Muitos investigadores compreendem a importância da ciência cidadã, embora muitos outros exprimam dúvidas e receiem envolver-se nelas. Embora, o problema da qualidade dos dados para fins científicos seja crítico, na realidade isso é válido para qualquer projecto científico, havendo metodologias para melhorar a qualidade dos dados, reduzir o erro e garantir a validade das observações, mesmo que isso tenha que passar por simplificações de procedimentos. Mas, o maior problema será o da dificuldade em aceitar a invasão pelos cidadãos de domínios que eram exclusivos. Tal como as novas gerações de cientistas estão cada vez mais conscientes, familiarizados e disponíveis para comunicar e divulgar ciência, também a habituação com a ciência cidadã irá acontecer à medida que os projectos se forem diversificando e for sendo compreendido o seu potencial.
Embora em Portugal as iniciativas tenham, em geral, uma participação limitada, com excepções, em outros países, particularmente na Europa e Estados Unidos, há já uma forte planificação, com apoio directo dos governos a estruturas que visam a promoção de iniciativas que claramente aproximam a sociedade da actividade científica e capazes de contribuir para uma maior compreensão de como o conhecimento é produzido, em sociedades cada vez mais tecnológicas e dependentes do conhecimento científico para o seu desenvolvimento e a qualidade de vida das pessoas. Além dessas iniciativas nacionais, existem mesmo uma Associação Europeia de Ciência Cidadã e a própria União Europeia está muito interessada no fenómeno. Investigadores da Universidade de Coimbra e do Museu da Ciência estiveram mesmo envolvidos num projecto que produziu o livro branco da ciência cidadã para a União Europeia.
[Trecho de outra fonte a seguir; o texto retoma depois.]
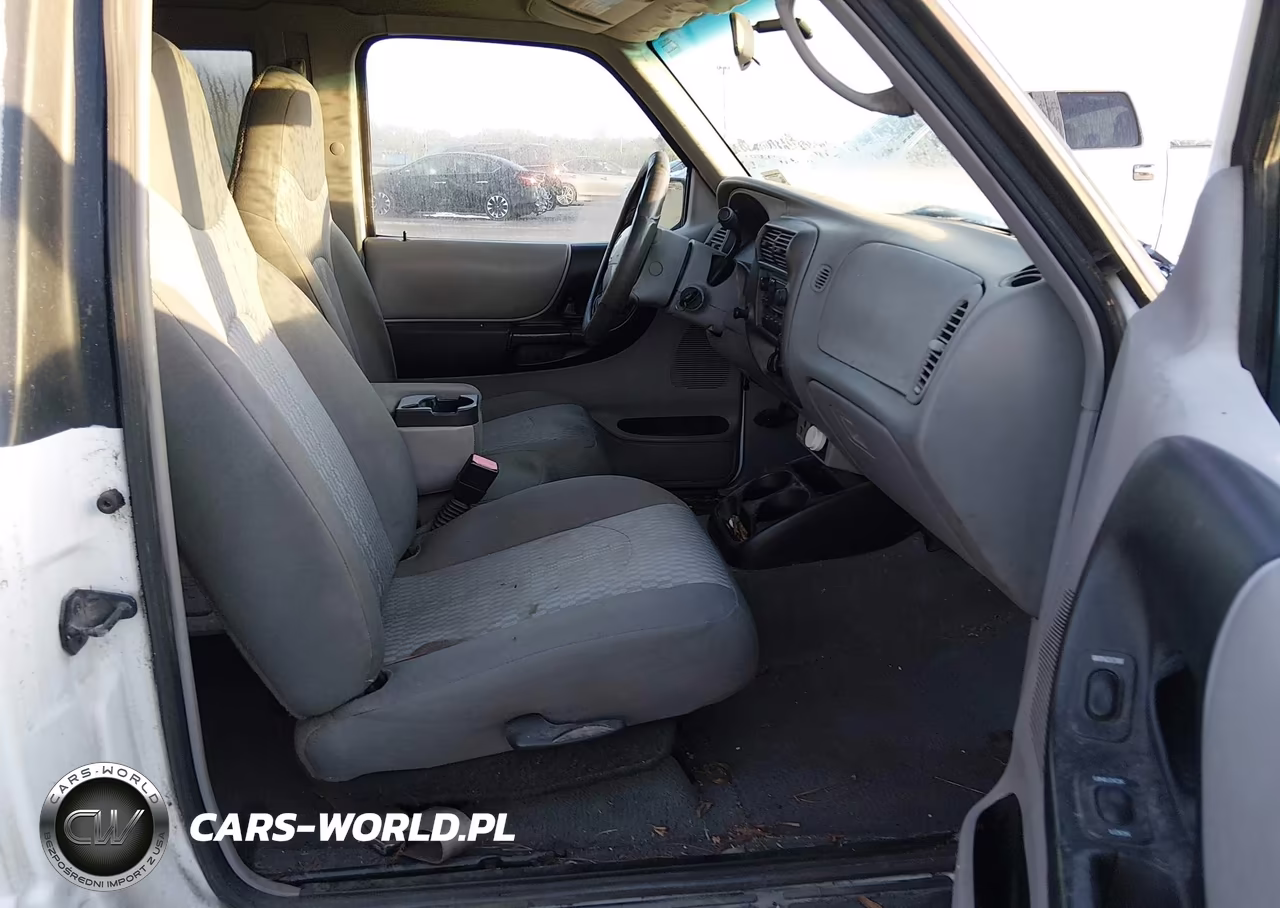 2002 Mazda B3000 Ds VIN:4F4YR16U12TM01722 - 5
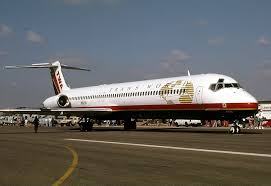 where can you fly the american airlines md 80 before it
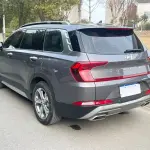 Hyundai Santa Fe 2022 из Китая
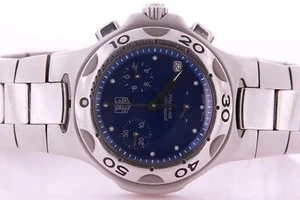RELOJ TAG HEUER KIRIUM DAMAS CUARZO ACERO INOXIDABLE - Imagen 1 de 12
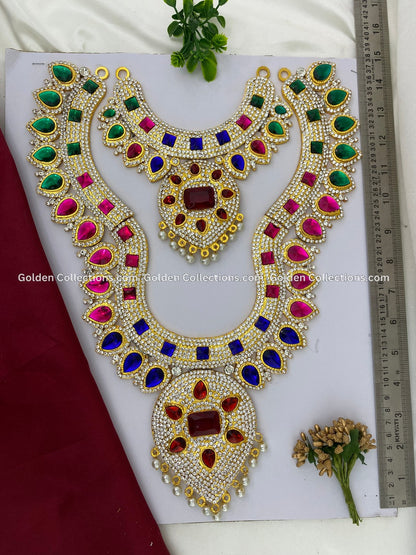 Enchanting Selection - Jewellery Set for Goddess - GoldenCollections 2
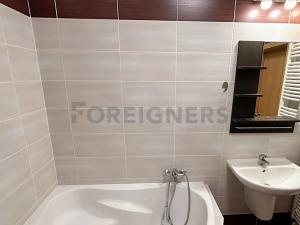 Pronájem bytu 2+kk, Praha - Zličín, Prušánecká, 56 m2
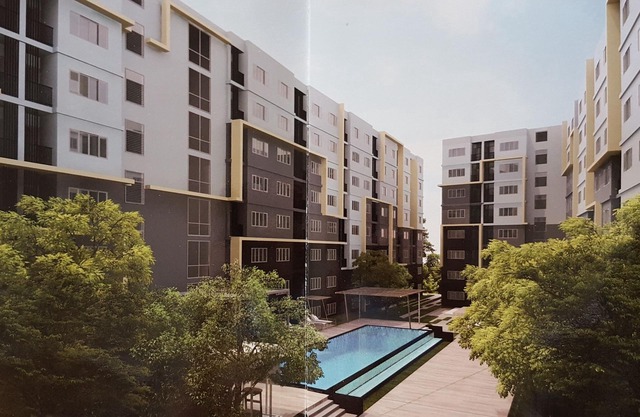Apartamento de una habitación cerca de Patong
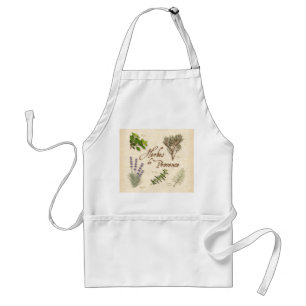 Herbes de Provence Apron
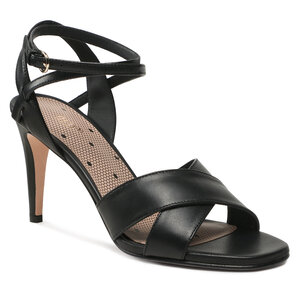 Sandále Red Valentino - 2Q2S0H79GIY Nero 0NO.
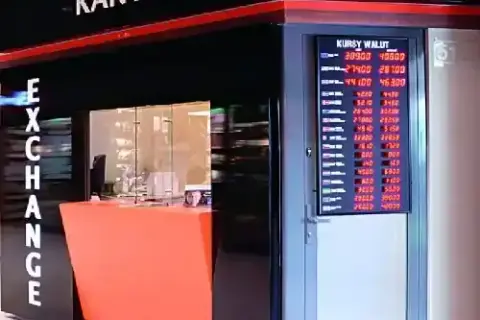Kantor w Zgierzu - Aktualne kursy walut i informacje o wymianie
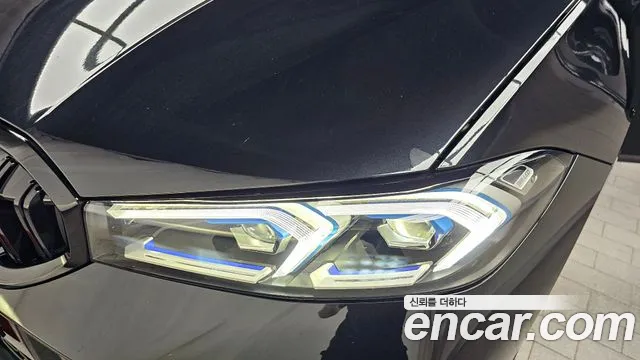 BMW 3-Series 3 серия (G20) 320i M Sport — Фото автомобиля 22
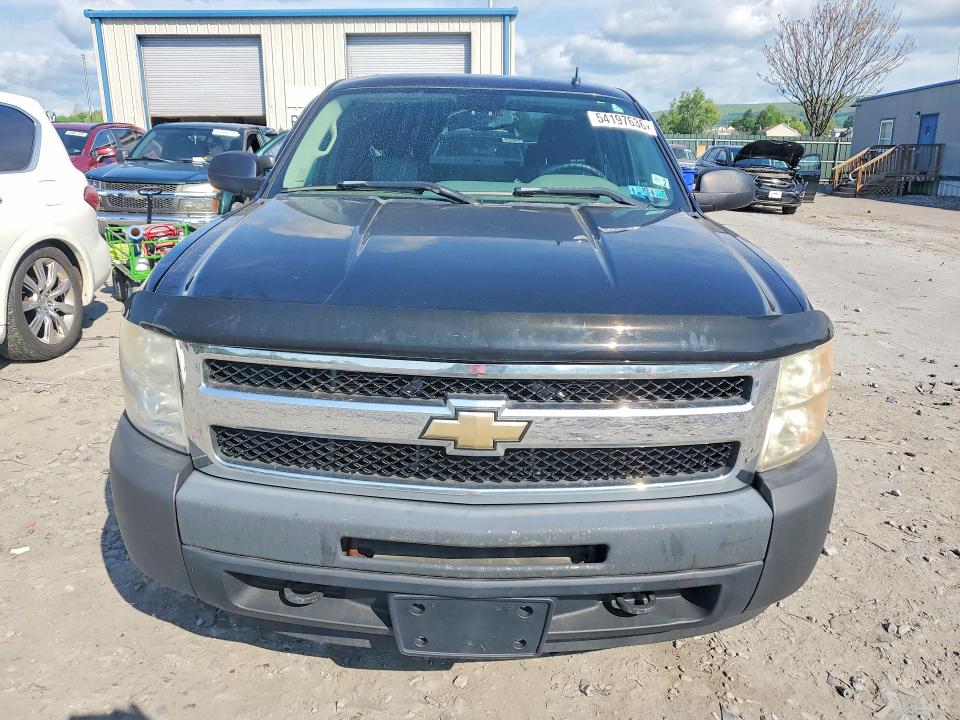 Продажа на аукционе авто 2009 Chevrolet Silverado, vin: 1GCEK19C79Z285310, номер лота: 54197636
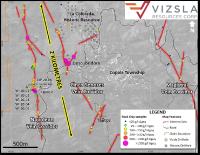 Vizsla Drills 1,544 G/T Silver Eq. over 8.2 metres in new discovery at Panuco Project, Mexico
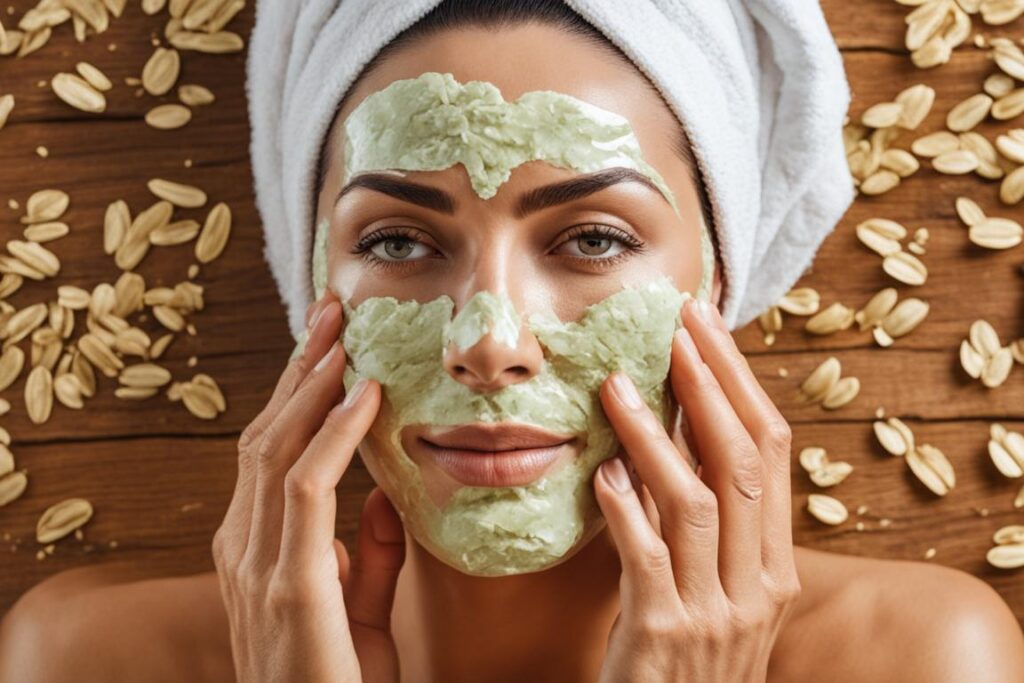 Exfoliation for Bright and Smooth Skin in Your 40s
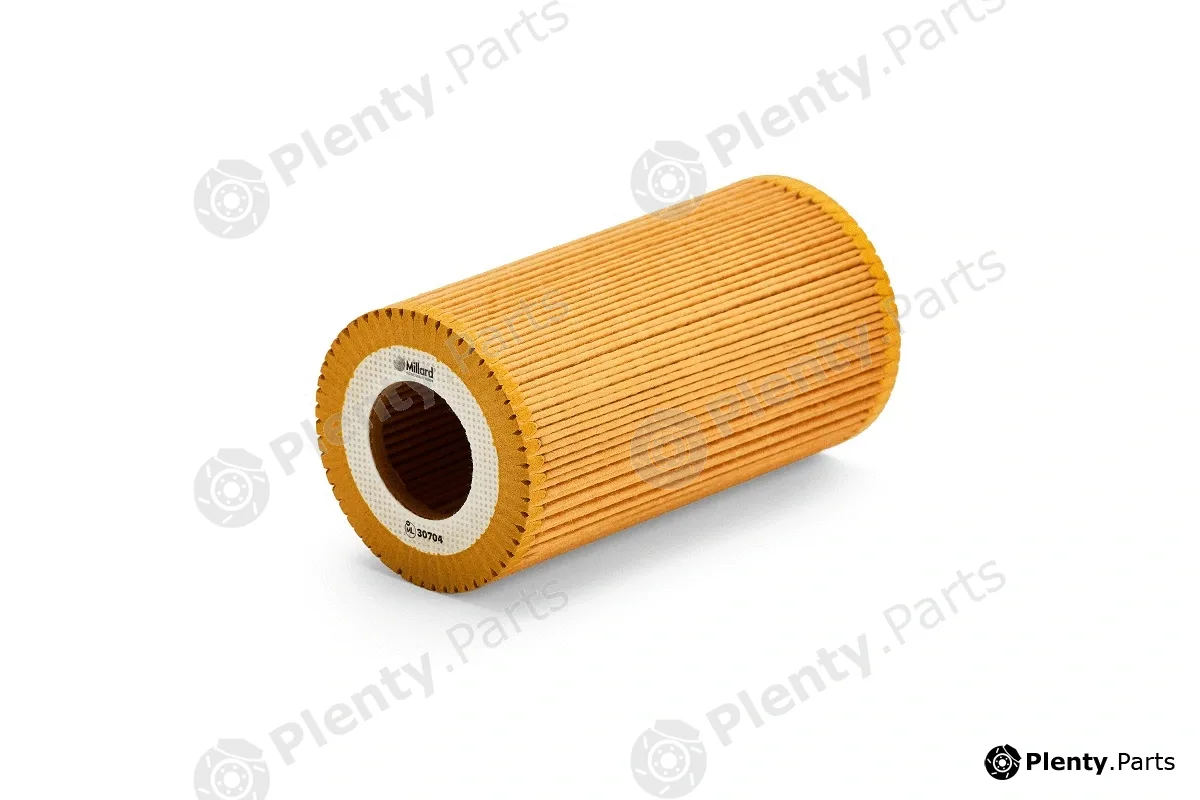 Millard Filters ML-30704 — Oil Filter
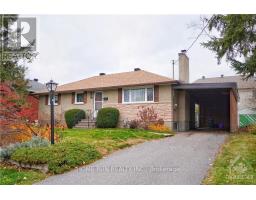 39 EPWORTH AVENUE, Ottawa, Ontario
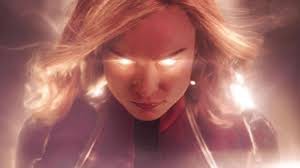 Captain Marvel tung loạt poster cực chất, đến con sen mèo Goose cũng có ảnh riêng - Ảnh 1.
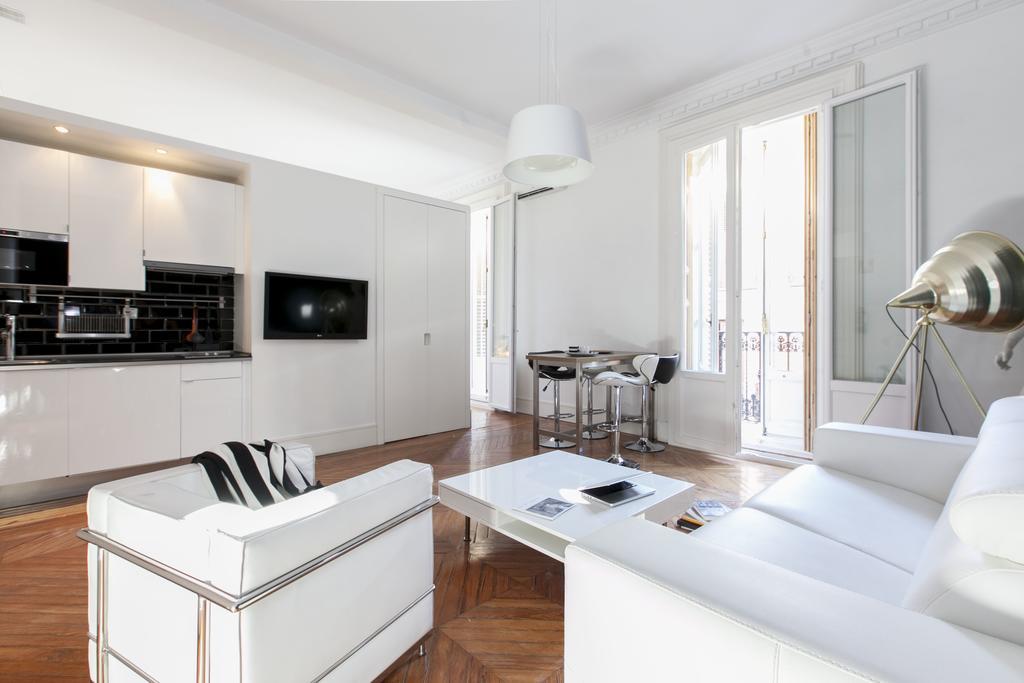 Apartamentos Matute 11 Madri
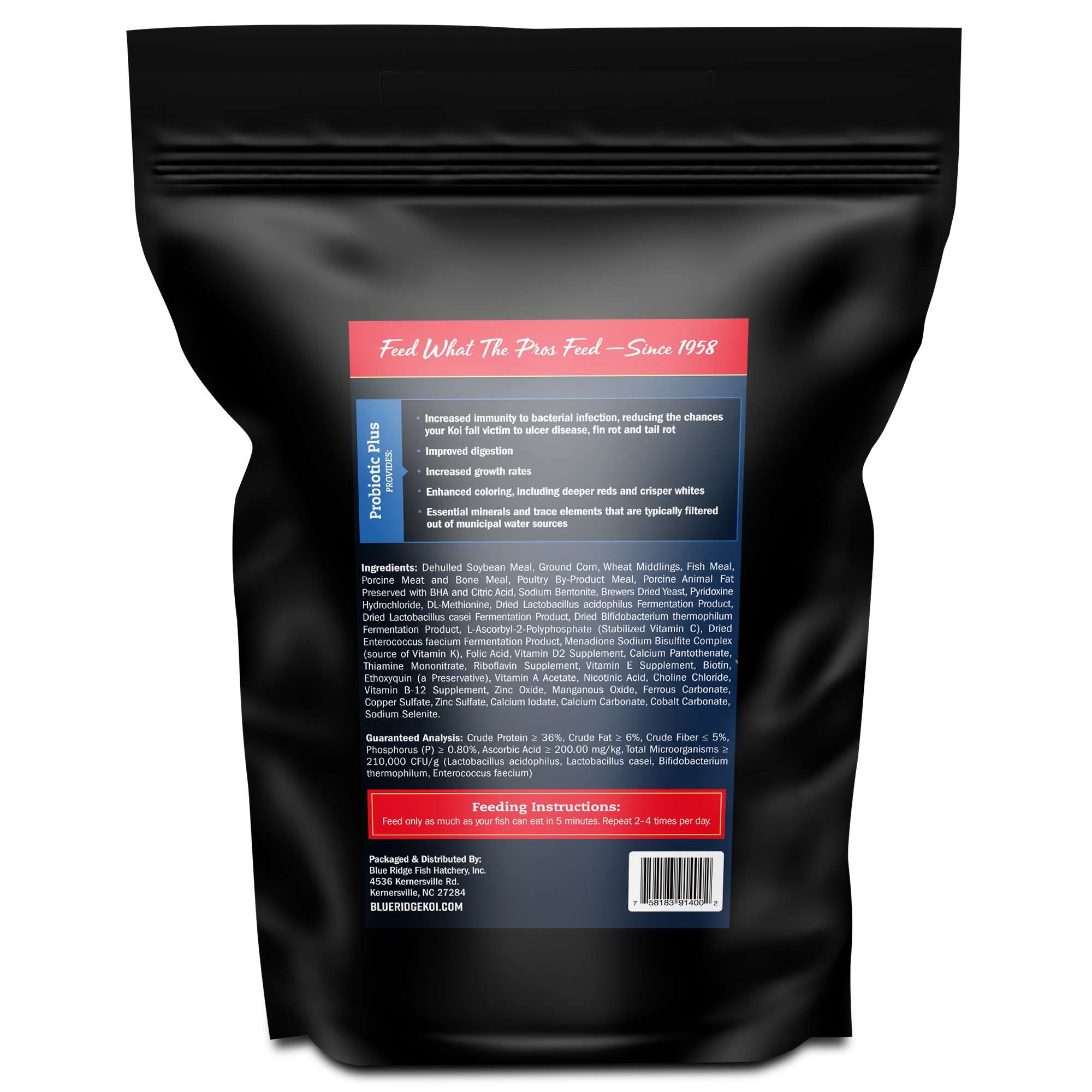 Blue Ridge Probiotic Plus - Image 2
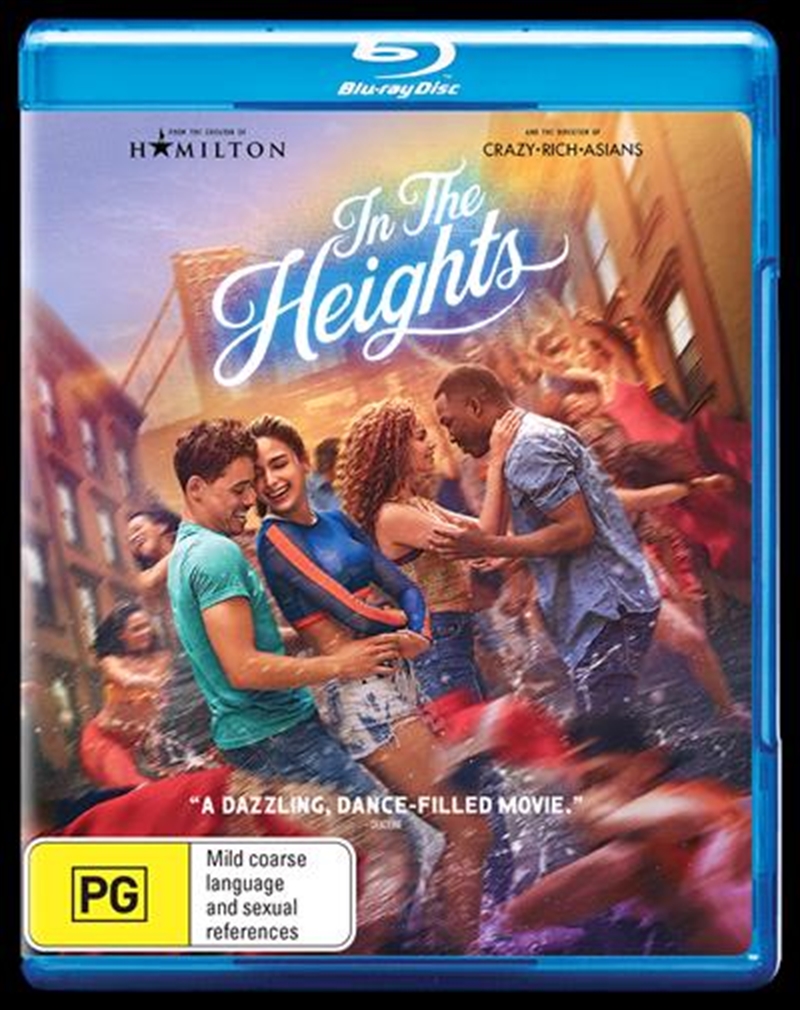 In The Heights/Product Detail/Musical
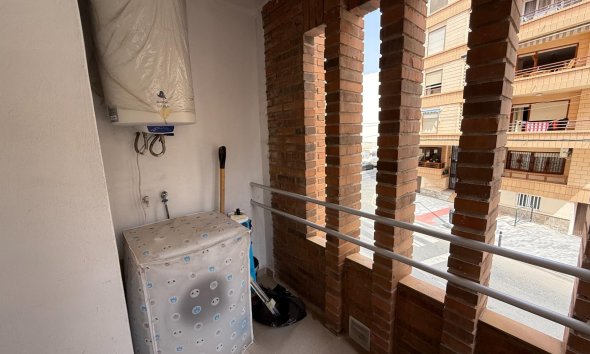 Resale - Apartment - Torrevieja - Playa del Cura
O documento procura sintetizar o que é a ciência cidadã e avaliar que oportunidades se colocam com a sua expansão e consolidação.
Ao falarmos de ciência cidadã estamos, desde logo, a falar de maior cidadania, de um maior controlo que os cidadãos podem exercer sobre o espaço onde vivem, ter a possibilidade de contribuir para resolver problemas que se colocam a uma escala que não tem solução possível, excepto se através da acção colaborativa de muitas pessoas, em projectos com objectivos claros, de colectivamente colaborarmos num dos mais belos e fascinantes empreendimentos que a humanidade já desenvolveu.